The Commodity Futures Trading Commission (CFTC) is proposing amendments to its Part 45 swap data reporting regulations related to cleared swaps. The amendments primarily affect swap data repositories (SDRs), derivatives clearing organizations (DCOs), designated contract markets (DCMs), swap execution facilities (SEFs), swap dealers (SDs), and major swap participants (MSPs). But, they also could impact swap counterparties who are neither SDs nor MSPs particularly if they submit swaps for clearing that were executed originally off a facility and are designated as the reporting counterparty.
The CFTC explains that upon acceptance of a swap by a DCO for clearing, the original swap is extinguished and replaced by equal and opposite swaps, with the DCO as the counterparty to each such swap. The original swap that is extinguished upon acceptance for clearing is referred to as the “alpha” swap and the equal and opposite swaps that replace the original swap are referred to as “beta” and “gamma” swaps. The proposed amendments differentiate reporting requirements for cleared and uncleared swap transactions and explicitly address swap counterparty and registered entity reporting requirements for each specific component (e.g., alpha, beta, and gamma) of a cleared swap transaction.
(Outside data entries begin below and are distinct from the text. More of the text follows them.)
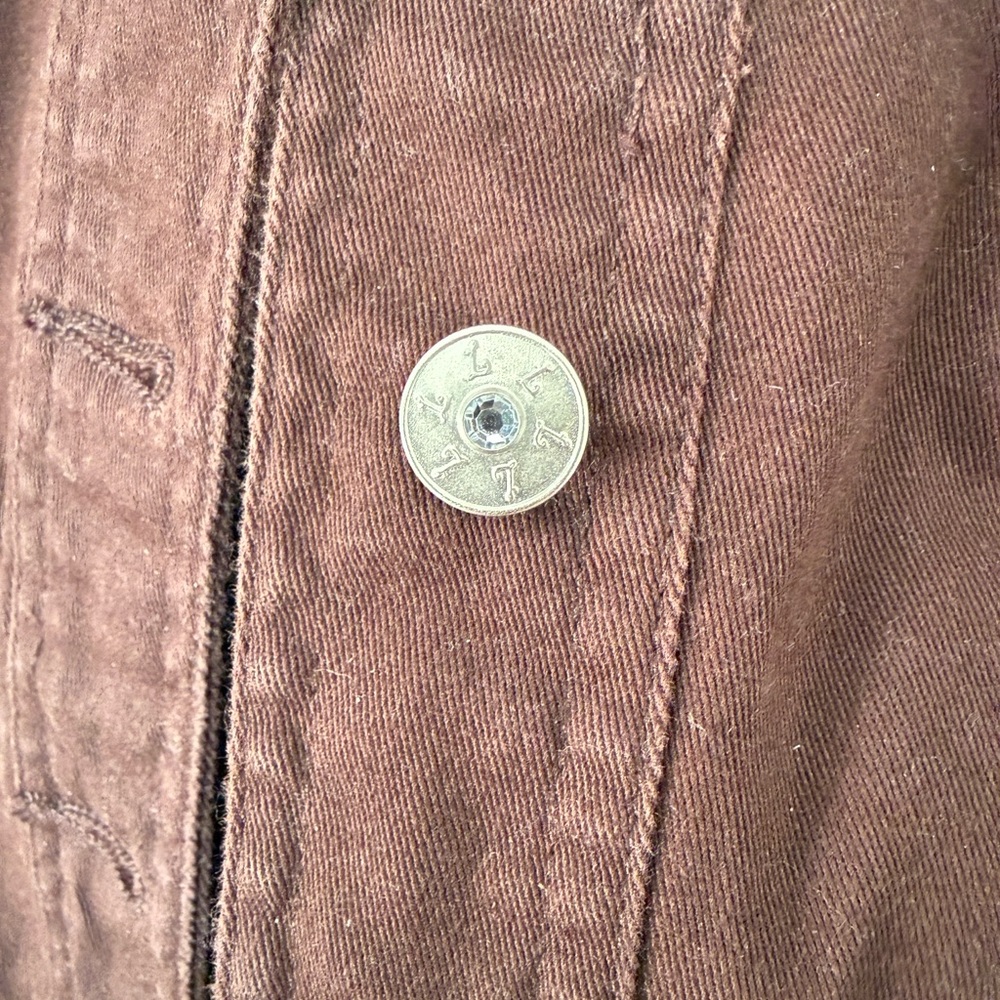 A.M.I. - Women's Chocolate Brown Denim Style Jacket - size M - Picture 7 of 8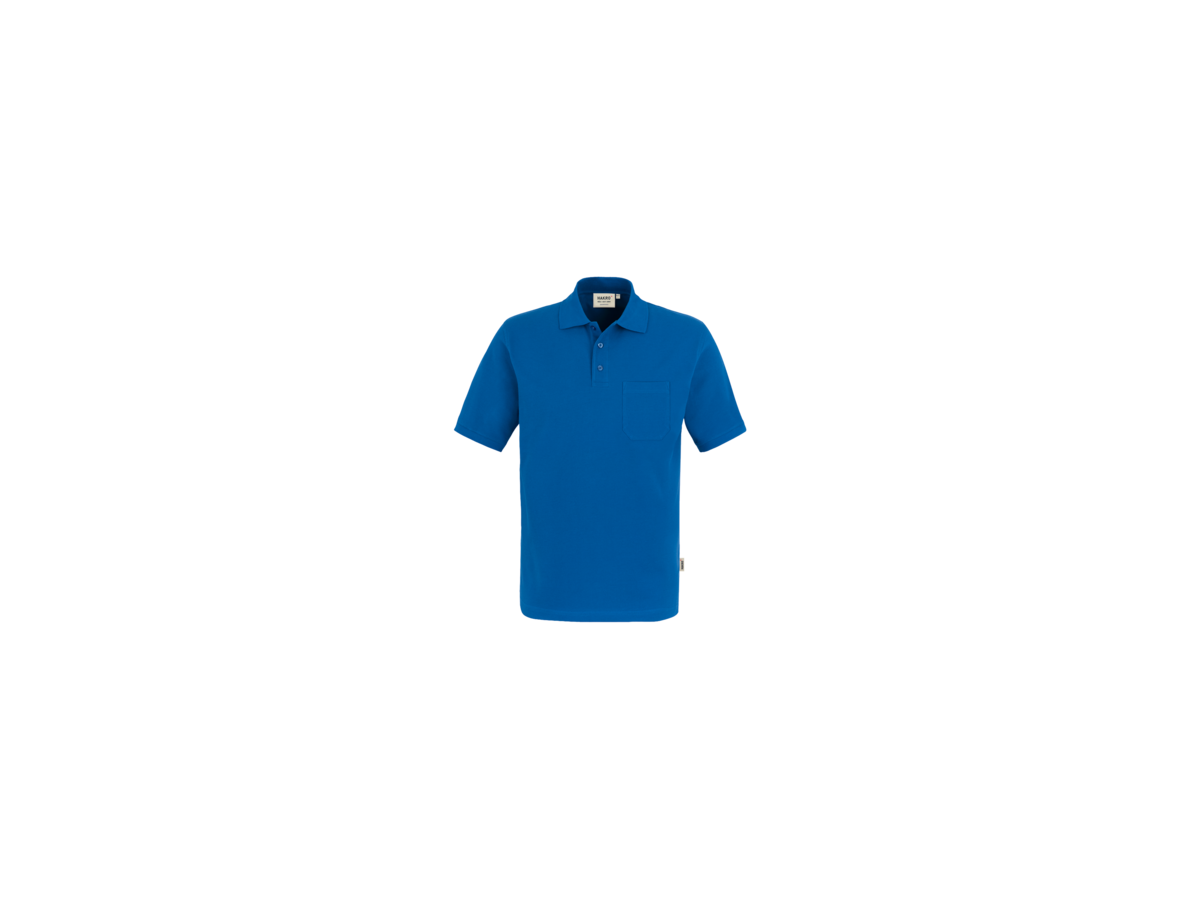 Pocket-Poloshirt Top Gr. XS, royalblau - 100% Baumwolle, 200 g/m²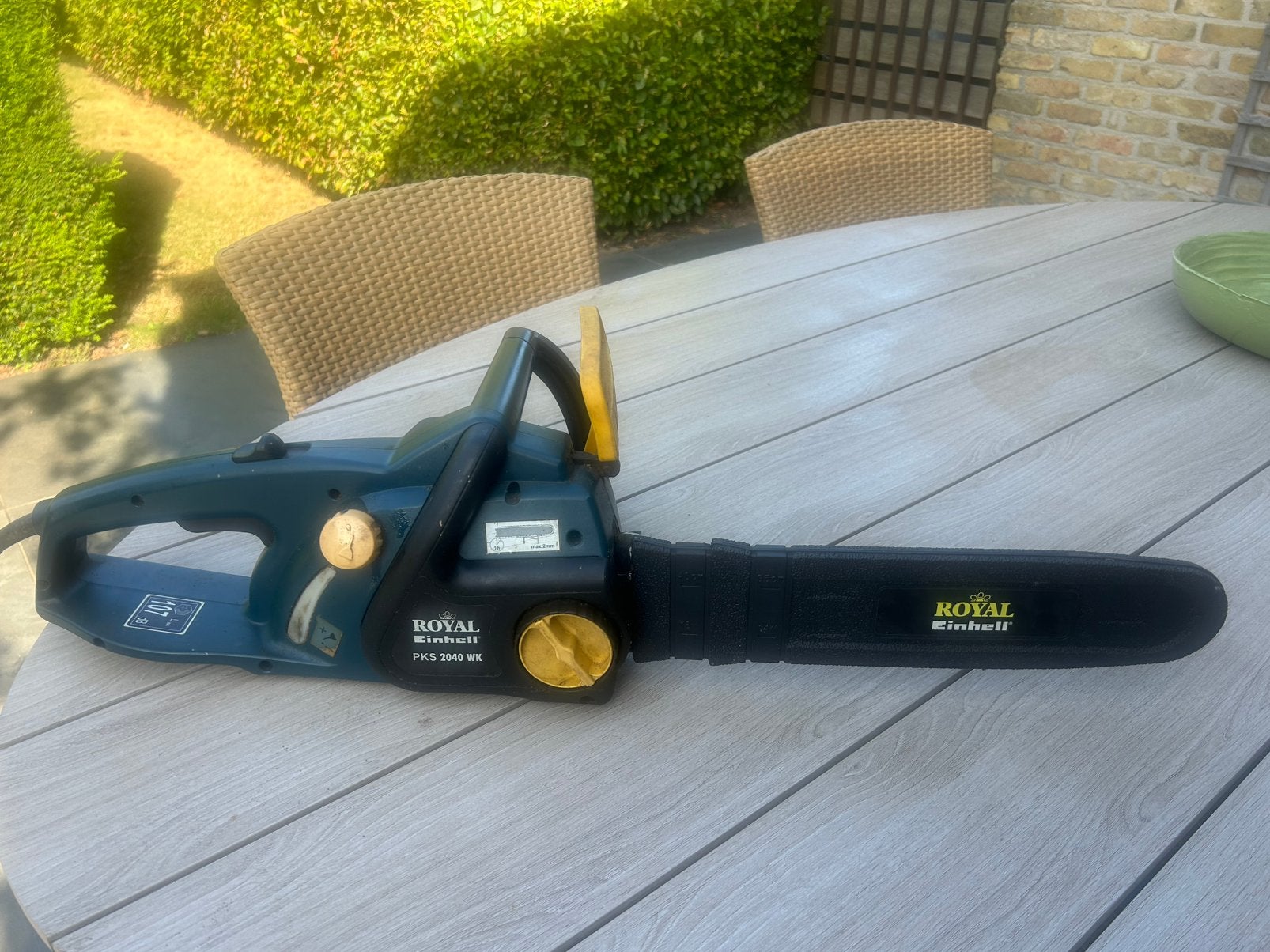 Elektrische boomzaag, Tuin en Terras, Hand-tuingereedschap, Ophalen, Gebruikt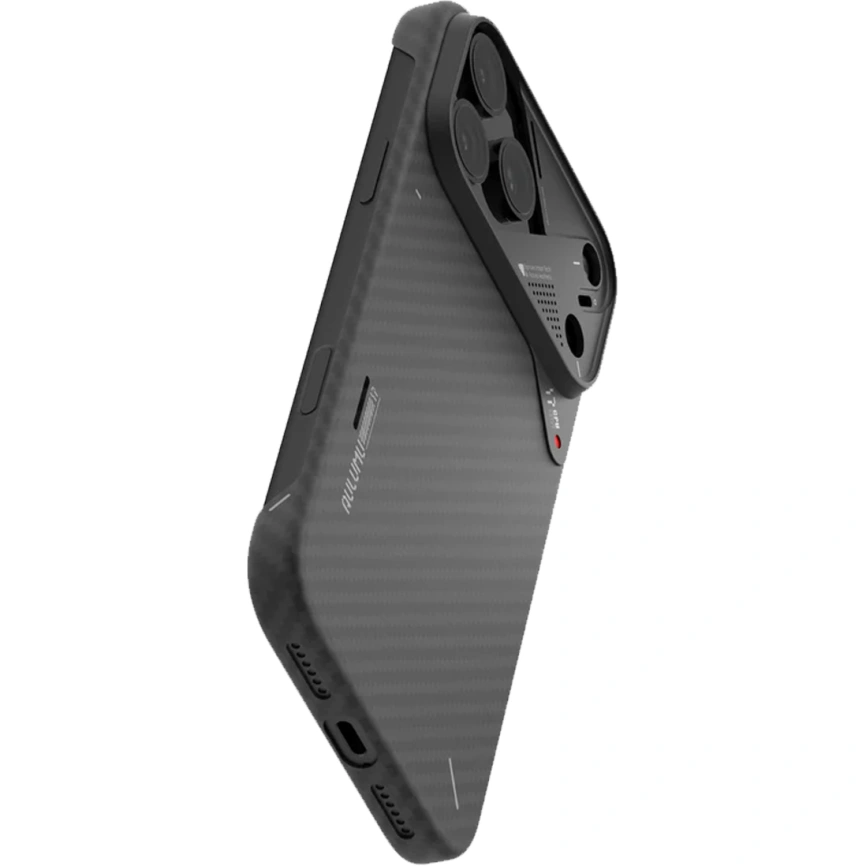 Чехол Aulumu A17 Aramid Fiber Case with MagSafe для iPhone 17 Pro Max Black фото 6
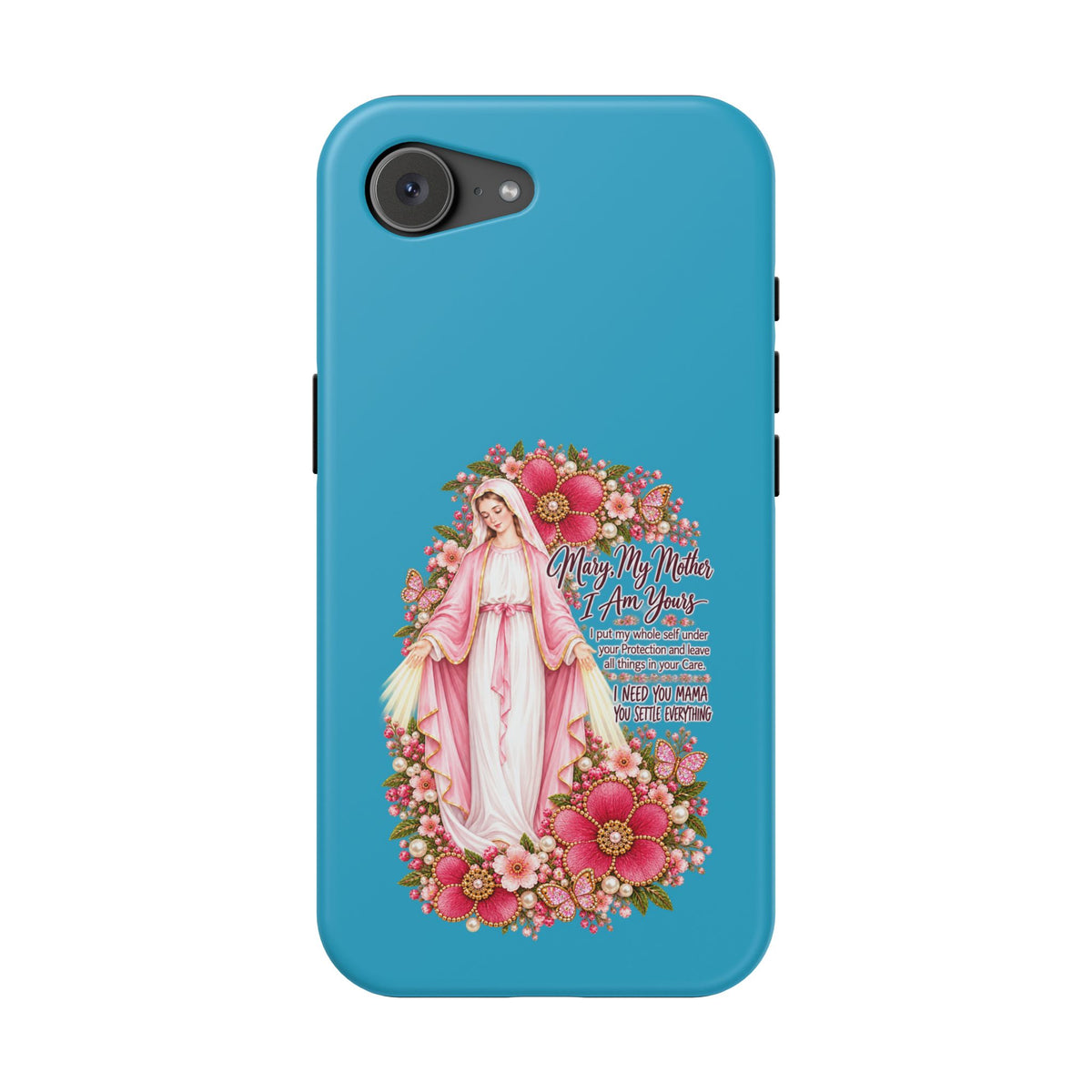 Religious Floral Phone Case — 'Blessed Virgin' Magnetic Impact-Resistant Case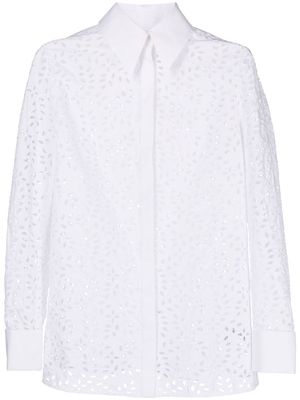 Erdem Nell broderie-anglaise cotton shirt - White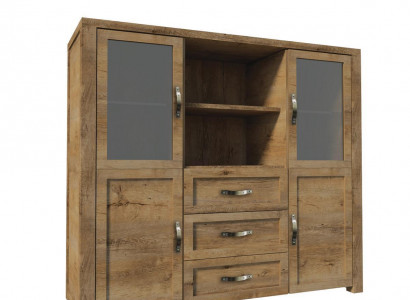 Anrichte Design Kommode Holz Schafsmöbel Vitrine Moderne Schaf Buffé Bar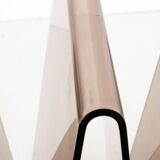 70's smoked plexiglass magazine rack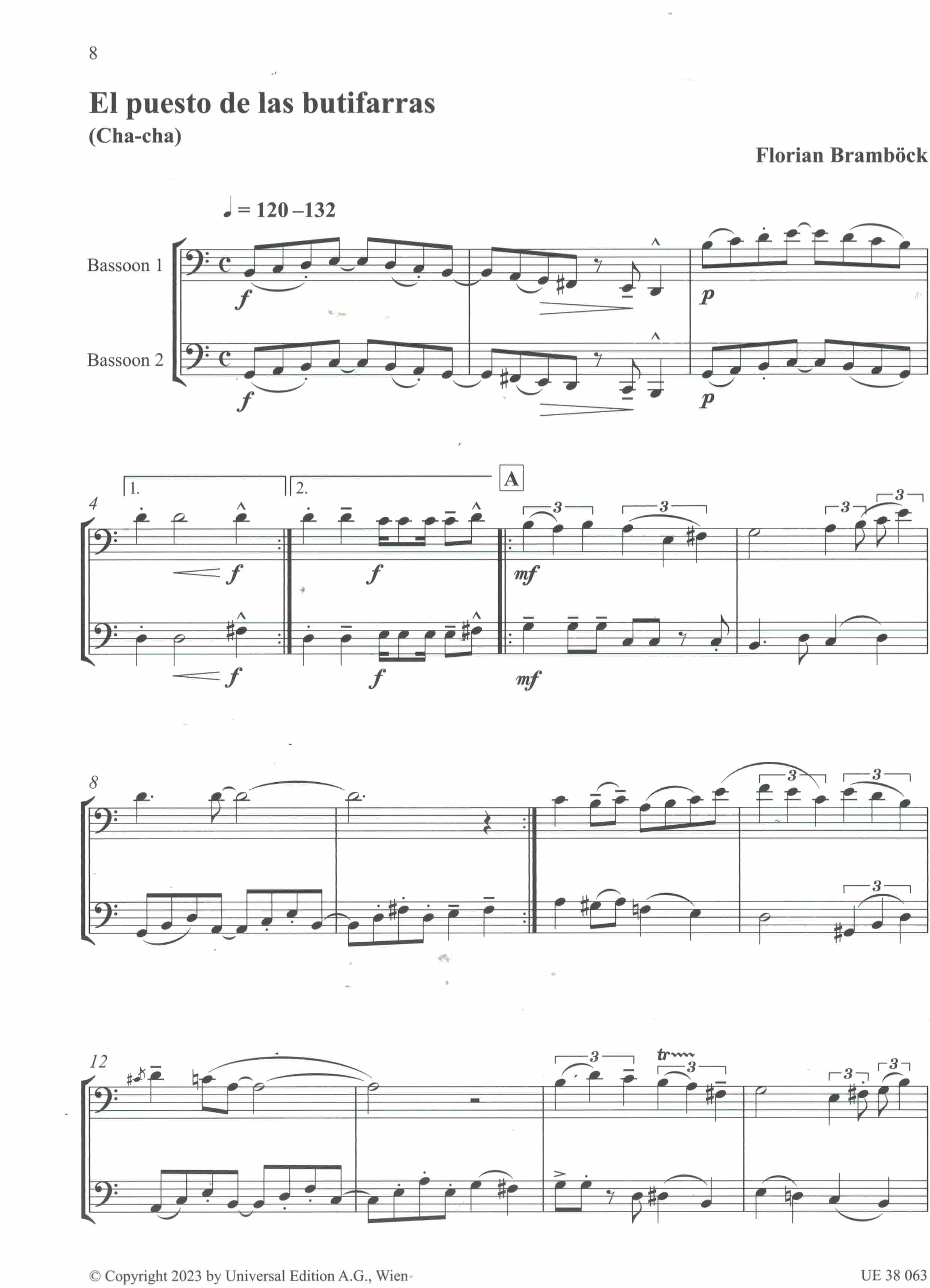 Afro- Latin Bassoon Duets, 2 Fag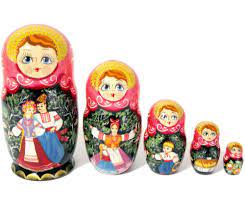 Ukraine Cặp Vợ Chồng Matryoshka Búp Bê Nga Búp Bê Lồng Nhau Matreshka Nga  Nơi Tôi Có Thể Mua Bộ Đồ Chơi Búp Bê Nga 5 Pc - Buy Con Búp Bê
If an original “alpha” swap is executed between two end-users which are not SDs/MSPs, off a facility, and the swap will be submitted to a DCO for clearing, then one of those end-users still must be the reporting counterparty who reports the Primary Economic Terms (PET) of the original “alpha” swap to an SDR even if the swap is accepted by the DCO for clearing.
Notably, the CFTC also is updating its Part 45 regulations to remove language regarding the phase in of compliance and to show the quicker time deadlines that are now in effect for swap data reporting.
Comments on the CFTC’s proposal are due October 30, 2015.